The Iranian government is showing no signs of suspending its nuclear programs—the central demand of a group of six key countries before full-fledged negotiations with the Islamic republic can begin. Not surprisingly, then, the frustration building in Washington and other capitals with the impasse triggered a joint pledge Tuesday by President Bush and European Union leaders to intensify sanctions on Iran.
"A group of countries can send a clear message to the Iranians," Bush said at an EU-U.S. summit in Slovenia. "We're going to continue to isolate you, we'll continue to work on sanctions, we'll find new sanctions if need be—if you continue to deny the just demands of a free world, which is to give up your enrichment program."
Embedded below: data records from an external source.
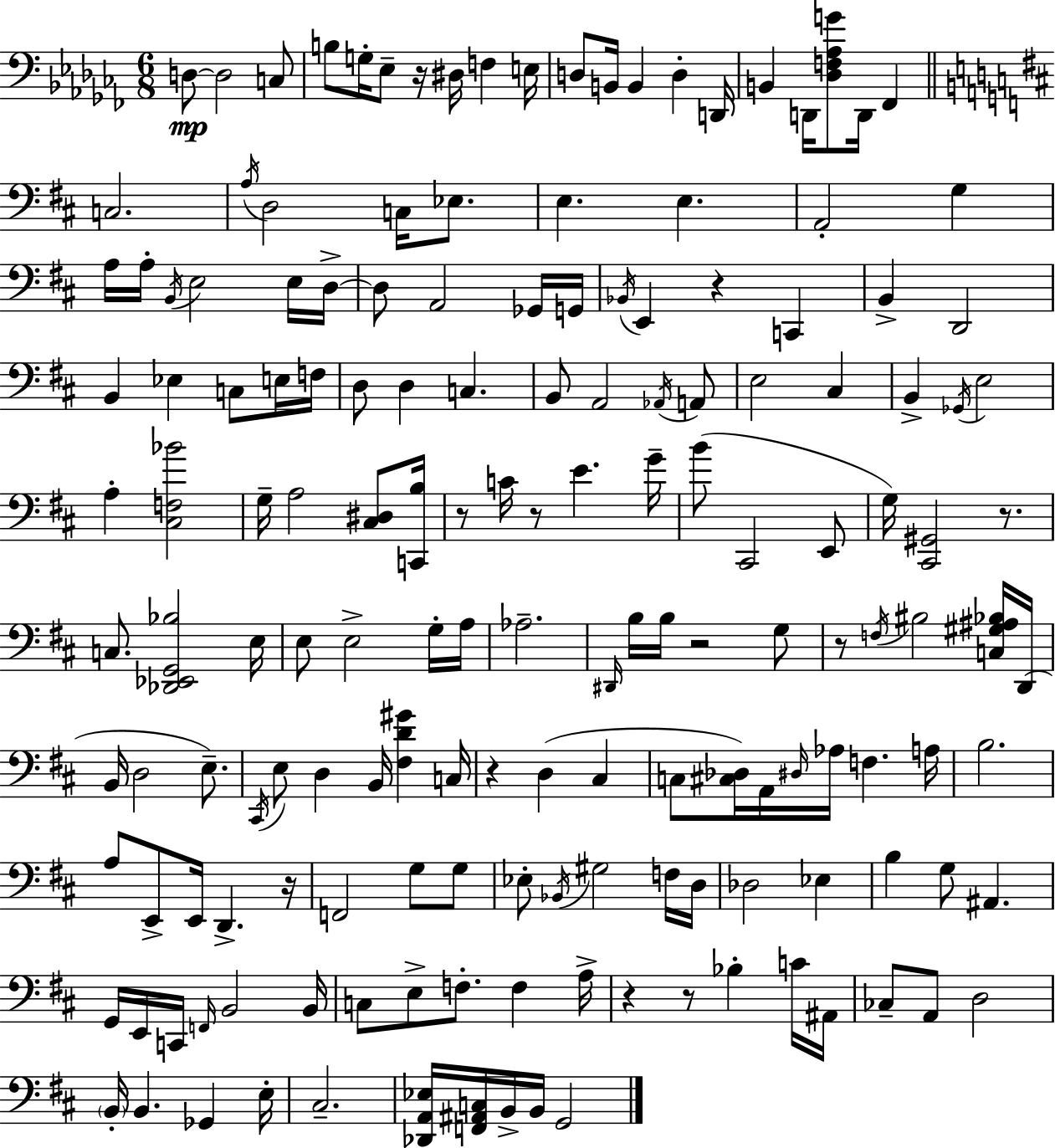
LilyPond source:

{
  \clef bass
  \numericTimeSignature
  \time 6/8
  \key aes \minor
  d8~~\mp d2 c8 | b8 g16-. ees8-- r16 dis16 f4 e16 | d8 b,16 b,4 d4-. d,16 | b,4 d,16 <des f aes g'>8 d,16 fes,4 | \break \bar "||" \break \key d \major c2. | \acciaccatura { a16 } d2 c16 ees8. | e4. e4. | a,2-. g4 | \break a16 a16-. \acciaccatura { b,16 } e2 | e16 d16->~~ d8 a,2 | ges,16 g,16 \acciaccatura { bes,16 } e,4 r4 c,4 | b,4-> d,2 | \break b,4 ees4 c8 | e16 f16 d8 d4 c4. | b,8 a,2 | \acciaccatura { aes,16 } a,8 e2 | \break cis4 b,4-> \acciaccatura { ges,16 } e2 | a4-. <cis f bes'>2 | g16-- a2 | <cis dis>8 <c, b>16 r8 c'16 r8 e'4. | \break g'16-- b'8( cis,2 | e,8 g16) <cis, gis,>2 | r8. c8. <des, ees, g, bes>2 | e16 e8 e2-> | \break g16-. a16 aes2.-- | \grace { dis,16 } b16 b16 r2 | g8 r8 \acciaccatura { f16 } bis2 | <c gis ais bes>16 d,16( b,16 d2 | \break e8.--) \acciaccatura { cis,16 } e8 d4 | b,16 <fis d' gis'>4 c16 r4 | d4( cis4 c8 <cis des>16) a,16 | \grace { dis16 } aes16 f4. a16 b2. | \break a8 e,8-> | e,16 d,4.-> r16 f,2 | g8 g8 ees8-. \acciaccatura { bes,16 } | gis2 f16 d16 des2 | \break ees4 b4 | g8 ais,4. g,16 e,16 | c,16 \grace { f,16 } b,2 b,16 c8 | e8-> f8.-. f4 a16-> r4 | \break r8 bes4-. c'16 ais,16 ces8-- | a,8 d2 \parenthesize b,16-. | b,4. ges,4 e16-. cis2.-- | <des, a, ees>16 | \break <f, ais, c>16 b,16-> b,16 g,2 \bar "|."
}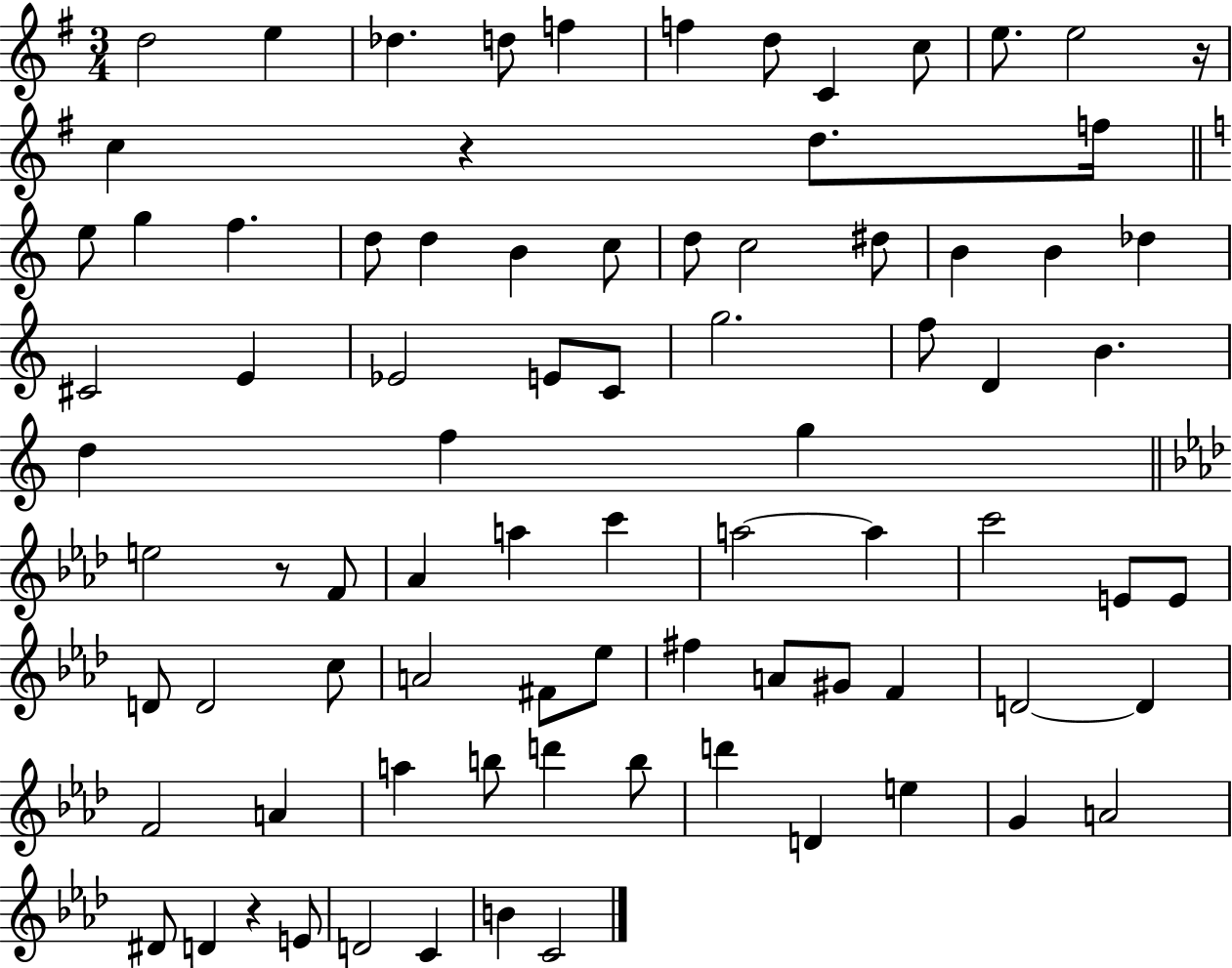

The vow of further sanctions ordered up by individual governments—or perhaps across the 27-nation EU—may be the only realistic step left to escalate pressure on Iran. According to a senior European diplomat, the United Nations Security Council is unlikely to take further action to pressure Iran, at least for now. "It will be difficult unless something spectacular happened in Iran," he says.
The official adds that the "Group of Six"—the United States, Britain, France, Germany, Russia, and China—is hoping to send a delegation of at least some foreign ministry political directors along with European Union foreign policy chief Javier Solana to present the group's latest negotiating position—expected to be modestly sweetened from previous ones—directly to officials in Tehran. "It has been difficult to arrange," said the official.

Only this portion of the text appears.